(Extracted data entries)
____________
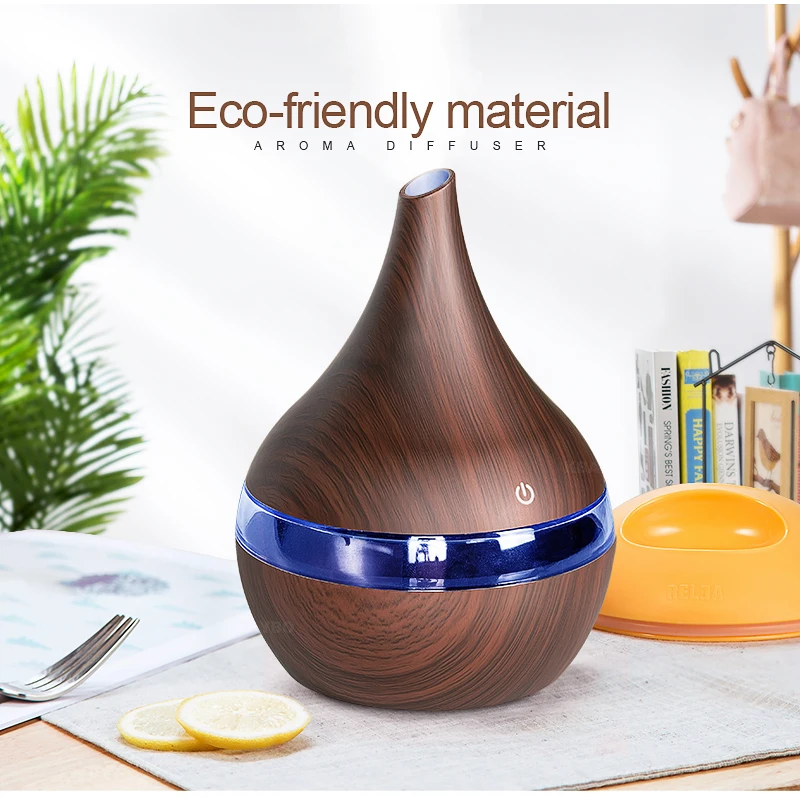 300ml mist diffuser Aroma essential oil diffuser wood mistmaker portable usb air humidifier aroma diffuser fogger air vaporizer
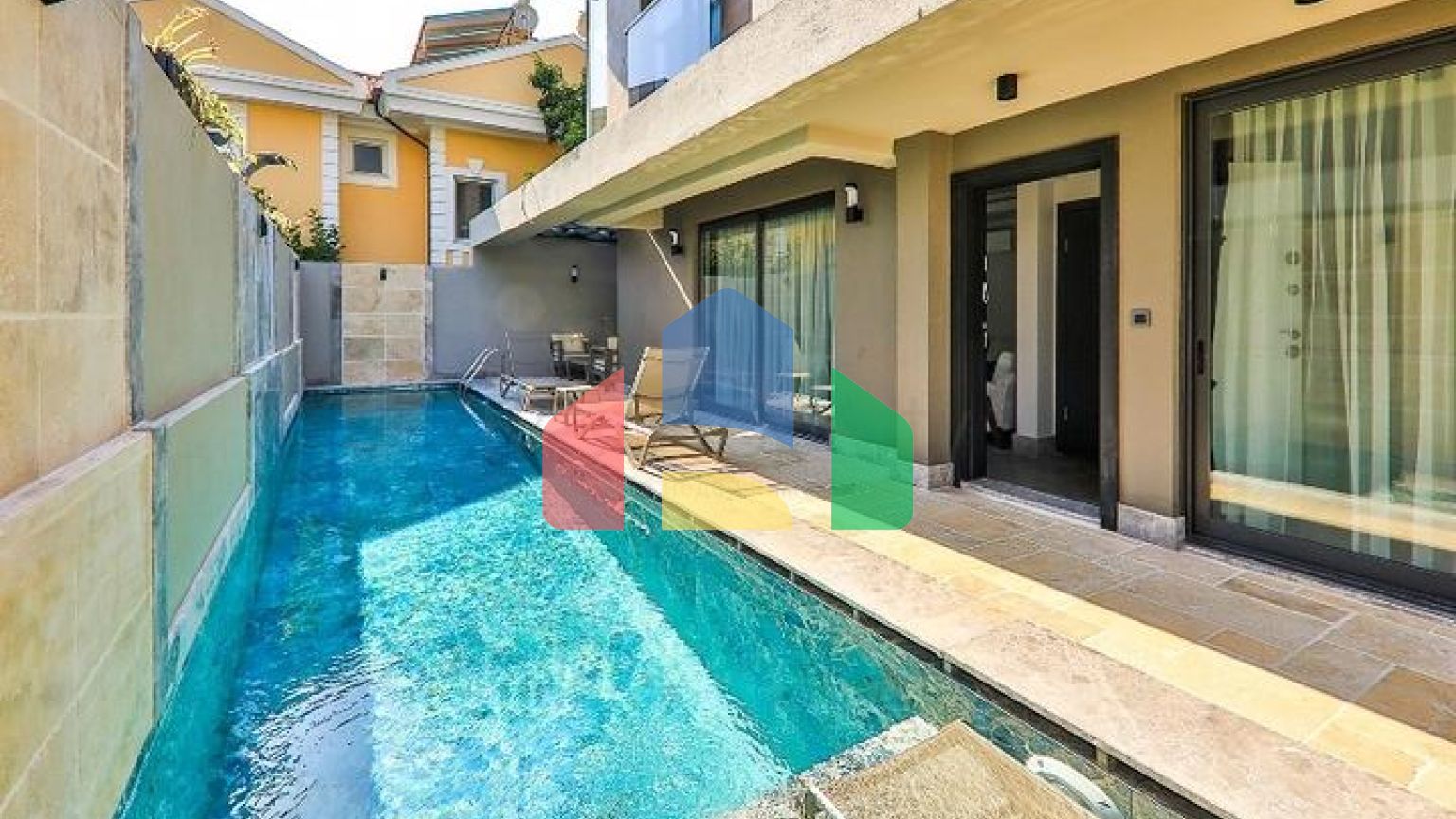 Вилла планировки 3+1 в районе Фетхия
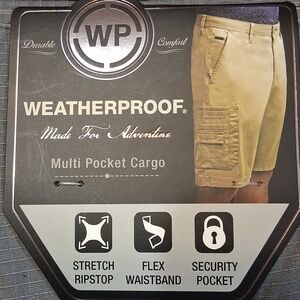 Weatherproof Gray Adventure Cargo Shorts
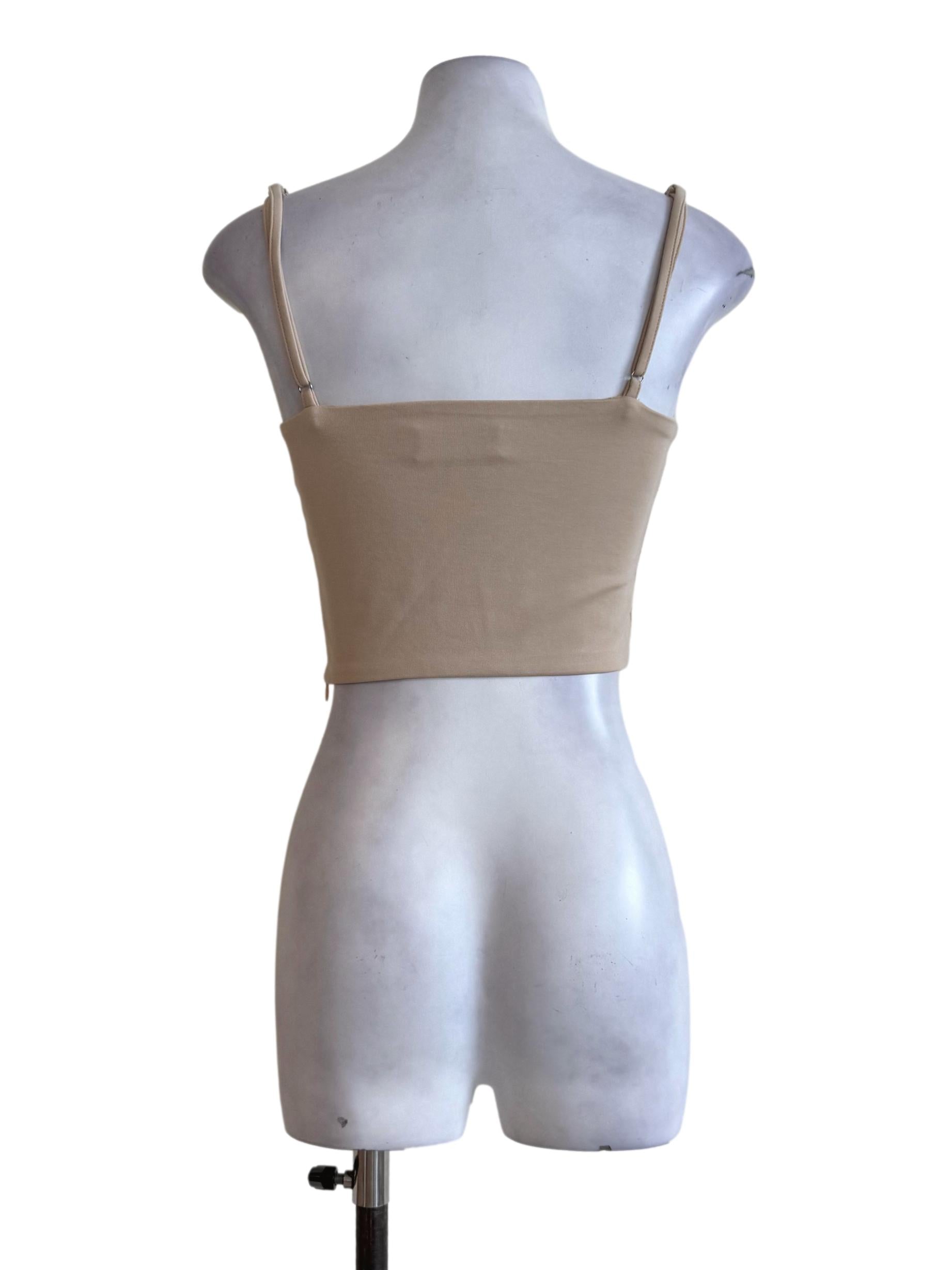 Nude Brown Spaghetti Strap YHF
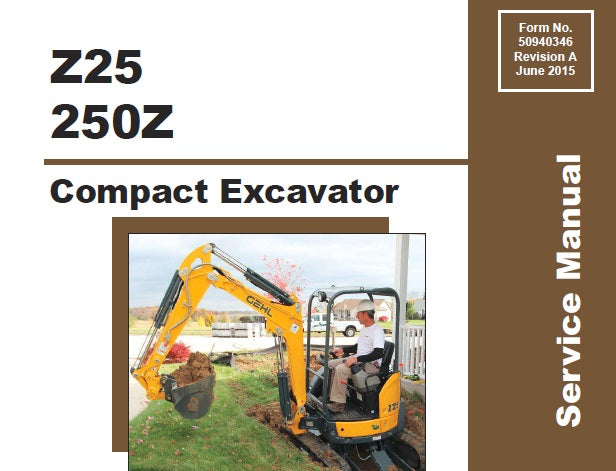 GEHL Z25,250Z COMPACT EXCAVATORS SERVICE REPAIR MANUAL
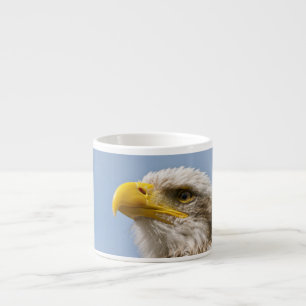 Weißkopfseeadler-Wildnis-Porträtkunst Espressotasse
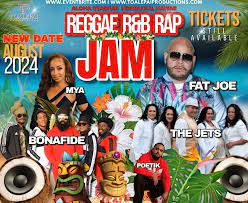 Reggae R&B Rap Jam Concert Poster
____________
Retype every entry word for word, but do not carry over the pictures.

Solution.
 300ml mist diffuser Aroma essential oil diffuser wood mistmaker portable usb air humidifier aroma diffuser fogger air vaporizer
 Вилла планировки 3+1 в районе Фетхия
 Weatherproof Gray Adventure Cargo Shorts
 Nude Brown Spaghetti Strap YHF
 GEHL Z25,250Z COMPACT EXCAVATORS SERVICE REPAIR MANUAL
 Weißkopfseeadler-Wildnis-Porträtkunst Espressotasse
 Reggae R&B Rap Jam Concert Poster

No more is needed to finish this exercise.